Federal Reserve officials believed tighter financial conditions could lessen the need for additional monetary tightening as they decided to hold interest rates steady for the second straight meeting earlier this month, according to minutes of the central bank's November meeting.

“Financial conditions had tightened significantly in recent months,” the minutes said. “Persistent changes in financial conditions could have implications for the path of monetary policy and it would therefore be important to continue to monitor market developments closely.”

A spike in ten-year Treasury note yields to around 5% in recent months has been a major focus of policymakers, many of whom have said tighter financial conditions could reduce the need for additional Fed tightening. Still, long-term rates have retraced a substantial part of that rise, and ten-year note is currently yielding around 4.4%.

Top policymakers have not closed the door to additional hikes in recent public remarks, but many have indicated the bar is high for further tightening.
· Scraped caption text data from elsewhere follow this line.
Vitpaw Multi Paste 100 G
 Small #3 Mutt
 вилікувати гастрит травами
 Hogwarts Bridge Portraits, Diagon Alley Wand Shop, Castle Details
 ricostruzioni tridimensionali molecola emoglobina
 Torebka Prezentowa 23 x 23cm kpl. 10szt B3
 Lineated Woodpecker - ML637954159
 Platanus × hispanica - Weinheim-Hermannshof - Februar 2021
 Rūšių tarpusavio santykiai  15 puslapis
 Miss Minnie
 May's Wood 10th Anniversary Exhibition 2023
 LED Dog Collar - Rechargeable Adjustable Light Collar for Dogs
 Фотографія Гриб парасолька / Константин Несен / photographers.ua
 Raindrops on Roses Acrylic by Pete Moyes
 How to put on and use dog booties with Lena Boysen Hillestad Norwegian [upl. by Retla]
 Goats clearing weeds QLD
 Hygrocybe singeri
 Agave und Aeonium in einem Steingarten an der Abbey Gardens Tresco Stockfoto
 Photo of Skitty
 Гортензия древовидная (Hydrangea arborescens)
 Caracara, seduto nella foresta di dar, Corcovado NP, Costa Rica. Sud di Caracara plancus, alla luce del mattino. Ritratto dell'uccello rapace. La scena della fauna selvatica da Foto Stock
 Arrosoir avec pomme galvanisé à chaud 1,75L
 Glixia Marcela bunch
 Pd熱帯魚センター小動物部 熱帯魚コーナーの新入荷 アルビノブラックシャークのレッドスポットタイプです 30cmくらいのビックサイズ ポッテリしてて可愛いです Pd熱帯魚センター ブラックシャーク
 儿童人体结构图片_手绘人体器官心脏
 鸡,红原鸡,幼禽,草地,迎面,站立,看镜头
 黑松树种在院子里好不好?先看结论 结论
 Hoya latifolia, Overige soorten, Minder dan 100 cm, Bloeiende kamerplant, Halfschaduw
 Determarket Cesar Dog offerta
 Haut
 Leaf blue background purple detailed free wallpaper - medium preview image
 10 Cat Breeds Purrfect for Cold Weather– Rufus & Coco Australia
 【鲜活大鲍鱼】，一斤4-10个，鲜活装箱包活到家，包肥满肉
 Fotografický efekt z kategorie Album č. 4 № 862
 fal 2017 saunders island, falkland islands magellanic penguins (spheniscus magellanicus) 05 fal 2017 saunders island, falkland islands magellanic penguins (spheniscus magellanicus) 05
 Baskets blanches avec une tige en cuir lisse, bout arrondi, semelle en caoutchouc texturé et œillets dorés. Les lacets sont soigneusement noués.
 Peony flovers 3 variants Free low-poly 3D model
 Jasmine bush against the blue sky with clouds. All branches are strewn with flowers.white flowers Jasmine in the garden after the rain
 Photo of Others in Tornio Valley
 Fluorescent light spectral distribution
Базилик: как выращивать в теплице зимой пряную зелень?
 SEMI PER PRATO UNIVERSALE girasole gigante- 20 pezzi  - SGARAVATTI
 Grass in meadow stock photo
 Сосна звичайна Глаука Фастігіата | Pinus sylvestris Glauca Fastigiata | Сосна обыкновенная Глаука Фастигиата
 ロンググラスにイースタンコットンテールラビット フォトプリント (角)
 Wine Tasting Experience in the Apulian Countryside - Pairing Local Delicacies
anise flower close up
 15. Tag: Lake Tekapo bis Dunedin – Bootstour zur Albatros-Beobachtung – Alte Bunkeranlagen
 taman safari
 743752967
That's because recent inflation readings have been benign, labor market activity is moderating, and many officials are convinced policy lags have yet to fully kick in.

“Participants judged that aggregate demand and aggregate supply continued to come into better balance, as a result of the current restrictive stance of monetary policy and the continued normalization of aggregate supply condition,” the minutes said.

Officials said the banking system is sound but they remain worried about the kinds of issues that led to the regional banking turmoil of March.

“Many participants commented that unrealized losses on assets resulting from the rise in longer-term interest rates, significant reliance by some banks on uninsured deposits, and increased funding costs at banks warranted monitoring,” the Fed said.


The Fed raised rates aggressively starting from March 2022 to July of this year, bringing the federal funds rate to a 22-year high range of 5.25-5.5%.

The Consumer Price Index has come down sharply from an annualized peak of 9.1% last summer to 3.2% in October, though Fed officials remain cautious about prematurely claiming victory in the fight to bring inflation sustainably back to 2%.

“Further evidence would be required for them to be confident that inflation was clearly on a path to the committee’s 2% objective,” the report said. “All participants judged that it would be appropriate for policy to remain at a restrictive stance for some time until inflation is clearly moving down sustainably toward the Committee’s objective.”

The staff expects fourth-quarter GDP to slow markedly from its third quarter rate near 5%, the report said.